« on: December 04, 2012, 01:43:57 PM »
Yes, and keep in mind that they don't make any profit on the first batch of cameras, no matter how much they charge. I'm guessing that before a camera like the 5DIII is released, there are several years' worth of research and development by a very advanced work force. There is likely a huge "money suck" of salaries, benefits, facilities, taxes, etc., before the 5DIII earns any money. Once the camera is released, they have to sell quite a lot of them to even break even on their investment. So whether the camera is priced $3,500 or $3,000 initially, they are probably not making any profit at that point, just recouping a very substantial investment. I'm just guessing, of course, and I have no idea whether or why Nikon would do things any differently.... Those who paid the early adopter price weren't milked by anyone. Those who bought it early made the calculation that it was worth paying extra to have the camera 8 months earlier rather than 8 months earlier. If the camera didn't deliver good value for them at $3,500, they would not have bought it. You can call it "grossly overpriced" but the camera market seems to be very competitive, with plenty of alternatives at many price levels. If photographers are willing to pay a higher price for a particular camera, then it is worth that price to them at that time. Canon is a business, not a photographers' aid society, so they're allowed to make a big profit if they deliver something highly desirable to their customers. Sure, people have a right to complaint about anyone's pricing. But with the number of the businesses making a big profit in the world, such complaining can become a full-time occupation.
+1 its funny folks forget that Canon is free to charge whateve they want and customers are free to choose whether or not they want to pay it. The consequences of anything different are rather unsavory...

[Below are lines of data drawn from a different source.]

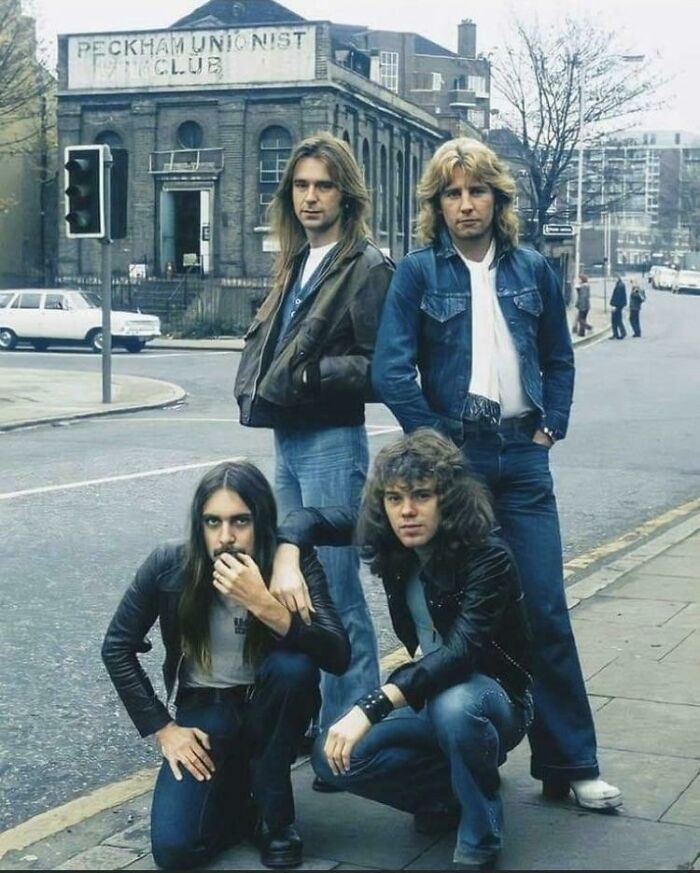 Four men in 70s-style clothing posing on a street corner near a building with a visible Peckham Unionist Club sign.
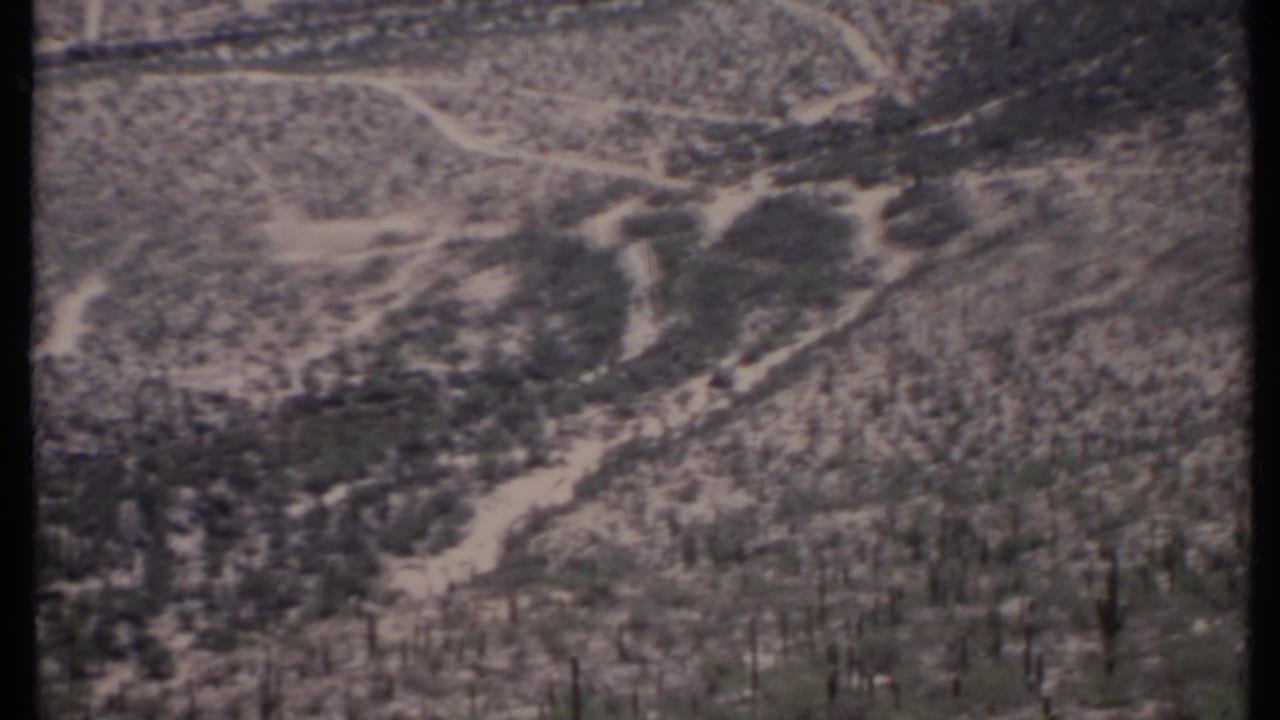 Aerial view of dry desert hills with pale dirt tracks and sparse scrub.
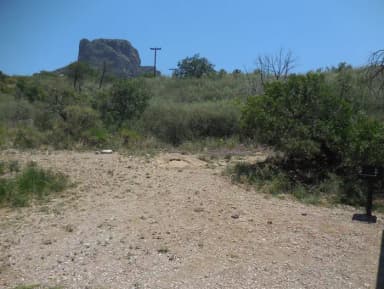 Flat, gravel tent area
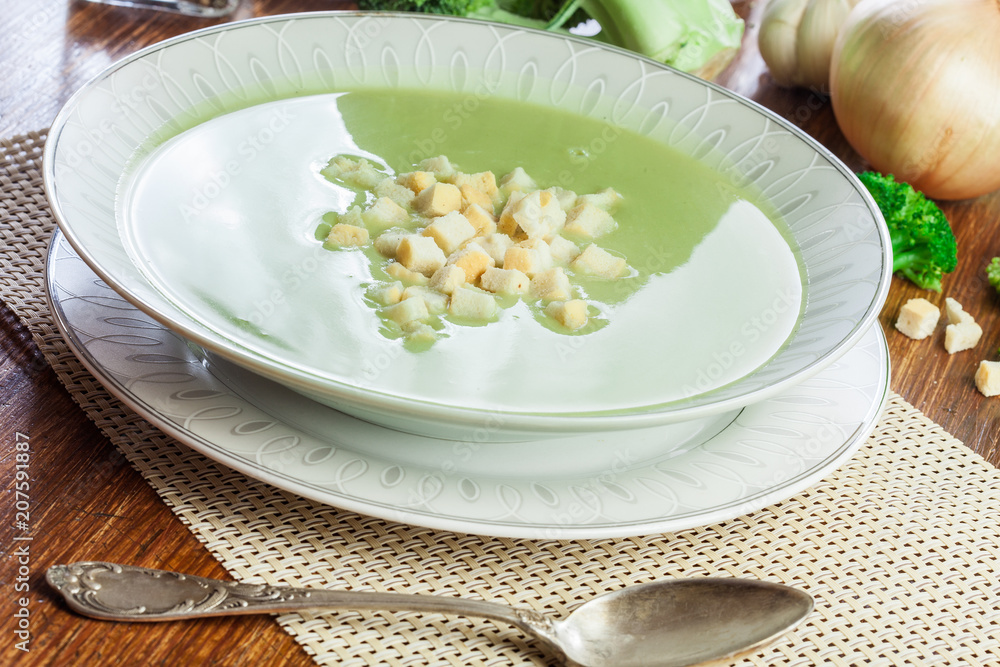 Broccoli cream soup in plate served with croutons Broccoli cream soup in plate served with croutons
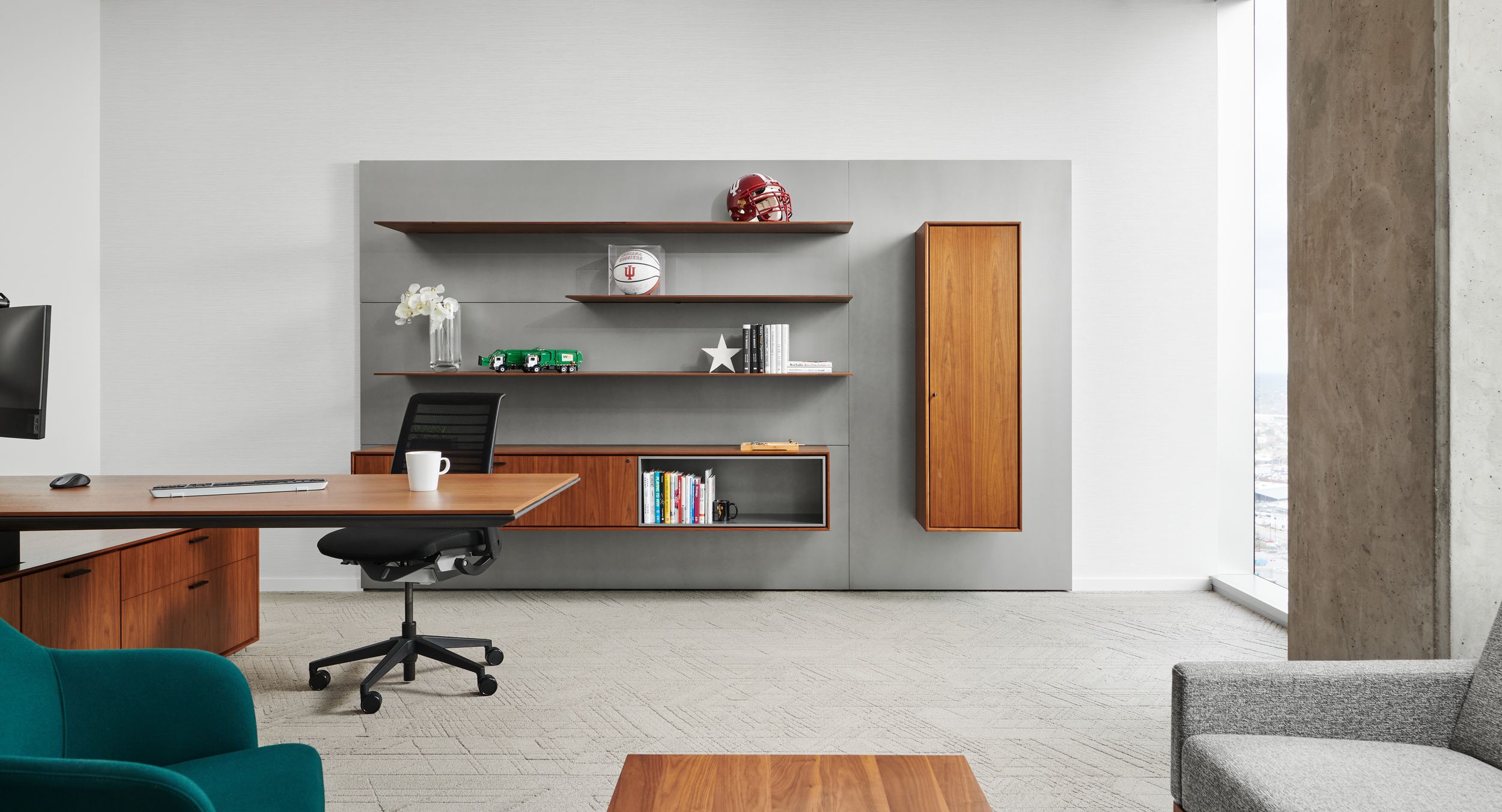 A HALO cantilever desk and executive workwall elevate the sophisticated palette of this private office.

certainly there is an intial investment that Canon amortizes across the expected life to produce x amount of profit over time. I'm sure that is carefully modeled and my guess is that the 5D3 project was approved under that (and other) scrutiny. Whether the financial models include a high into price or not I don't know, but I suspect so. If they made a few hundred more on the first few thousand units that would be money in the bank, to be sure.